Buchrezension

Wenn der Tag zur Hölle wird

Lesedauer: 2 Minuten
Heike Wander
Buchautor Till Raether

Buchautor Till Raether

Foto: Manuel Krug

Autor Till Raether schreibt schonungslos über seine Depressionen und wie er den Weg hinaus gefunden hat. Er bestickt Plattencover

Vielen ist Till Raether bekannt durch seine Artikel in Zeitschriften oder seine Kriminalromane. Kaum jemand würde hinter dem humorvollen, versierten Schreiber einen Mann vermuten, der sich oft „zusammenreißen“ muss, um überhaupt etwas hervorbringen zu können. „Bin ich schon depressiv, oder ist es noch das Leben?“, fragt er in seinem neusten Buch mit dem gleichnamigen Titel. Er outet sich als Mensch, der seit Jahrzehnten im Alltag immer wieder mit Stimmungsschwankungen und Antriebslosigkeit kämpft und trotzdem versucht, mit dem normalen Leben Schritt zu halten, also weiterhin zu funktionieren: „Wenn man depressiv ins Büro muss, weil man den Anspruch hat, niemanden im Stich zu lassen, oder weil man nicht auffallen will oder sich schämt, dann wird einem der Tag zur Hölle.“

Gerade dieses Zusammenreißen, damit der Alltag weitergehen kann, hat er im Hinterkopf seit Kindestagen abgespeichert. Im Buch geht er seinen Verhaltensweisen auf den Grund ebenso wie den herausfordernden depressiven Zeiten. Mithilfe von Medikamenten und einer Therapie findet er schließlich neue Wege und befreit sich teilweise von eingefahrenen Denk- und Verhaltensmustern – so stickt er gerne Plattencover, das mache Spaß, sei gleichzeitig aber für ihn noch etwas absurd, zum Beispiel wenn er sich über den Kreuzstich unterhalte, wie er in einem Interview im Rbb-Fernsehen sagte.

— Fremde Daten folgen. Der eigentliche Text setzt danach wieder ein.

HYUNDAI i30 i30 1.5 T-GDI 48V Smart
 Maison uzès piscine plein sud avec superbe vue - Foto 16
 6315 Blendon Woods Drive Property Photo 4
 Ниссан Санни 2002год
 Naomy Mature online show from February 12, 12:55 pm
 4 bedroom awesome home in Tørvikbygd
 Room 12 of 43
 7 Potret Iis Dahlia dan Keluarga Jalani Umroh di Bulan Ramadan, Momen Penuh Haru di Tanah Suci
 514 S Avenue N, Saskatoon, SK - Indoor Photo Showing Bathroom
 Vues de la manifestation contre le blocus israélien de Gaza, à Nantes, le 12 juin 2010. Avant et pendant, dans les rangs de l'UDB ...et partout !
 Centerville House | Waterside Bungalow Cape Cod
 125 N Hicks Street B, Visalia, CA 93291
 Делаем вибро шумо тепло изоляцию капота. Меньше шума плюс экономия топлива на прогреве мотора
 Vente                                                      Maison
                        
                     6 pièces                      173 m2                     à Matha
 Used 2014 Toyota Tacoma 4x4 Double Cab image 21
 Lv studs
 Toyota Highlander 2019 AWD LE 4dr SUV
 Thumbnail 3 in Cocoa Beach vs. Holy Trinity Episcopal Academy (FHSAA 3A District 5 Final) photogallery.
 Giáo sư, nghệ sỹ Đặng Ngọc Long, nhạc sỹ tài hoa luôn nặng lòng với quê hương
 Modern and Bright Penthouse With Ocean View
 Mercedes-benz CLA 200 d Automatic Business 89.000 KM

Ein sehr persönliches Outing

Über Depressionen gibt es etliche Ratgeber, dieses Buch ist eine Art persönliches Outing des Autors. Parallelen zum eigenen Leben könnten insbesondere Leser ziehen, die in den 1970er-/1980er-Jahren aufgewachsen sind. Es geht um familiären Hintergrund, gesellschaftliche sowie berufliche Anforderungen. Bei dem 1969 geborenen Raether herrscht die Leistungsgesellschaft, die wegen ihres ständigen Drucks nicht alle Menschen auf Dauer ertragen können.

Jede Generation hat ihre Lebensweise. Wenn man diese – wie der Autor – hinterfragt und vielleicht sogar verändert, kann eine Art Befreiung stattfinden. Was das Buch so lesenswert macht, ist die Beschreibung einer anstrengenden Normalität. Auch Raether lebte sie scheinbar, versteckte jedoch seine wahren Gefühle möglichst, bis er sie erkannte und nun besser klarkommt – in der Familie, mit Freunden und im Beruf. Er schreibt schonungslos über sein Leben mit unsichtbaren Belastungen. Diese können eine Depression hervorrufen, aber auch etwas Vorübergehendes sein, was wahrscheinlich jeder in irgendeiner Form immer mal wieder an sich selbst beobachtet oder spürt.